Taiwan: In the shadow of the Chinese slowdown Asia Pacific Economic Outlook, Q2 2016

A drop in Chinese exports is hurting Taiwan, as many of China’s exported products are assembled from components manufactured in other East Asian countries, including Taiwan. For 2016, the question is whether domestic demand will offset weak exports and how closely the recently elected government will work with the mainland.

Two of the biggest issues facing Taiwan’s economy are the slowdown in China and the results of the recent election in Taiwan.

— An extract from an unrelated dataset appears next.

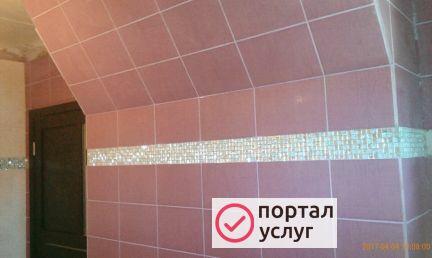 Фото Внутренняя оделка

First, consider the Chinese economy. The slowdown of China’s growth has involved a significant deterioration of Chinese exports. In February of 2016, for example, dollar-denominated exports from China were down 25 percent from a year earlier. Many finished products that are exported from China involve assembly of components that are made in other East Asian countries, including Taiwan. This is especially true of electronic components. Thus, weakness of Chinese exports hurts Taiwanese manufacturers. Indeed dollar-denominated Taiwanese exports were down 13 percent in January versus a year earlier, the 12th consecutive month of decline. This was disproportionately due to a drop in exports to China.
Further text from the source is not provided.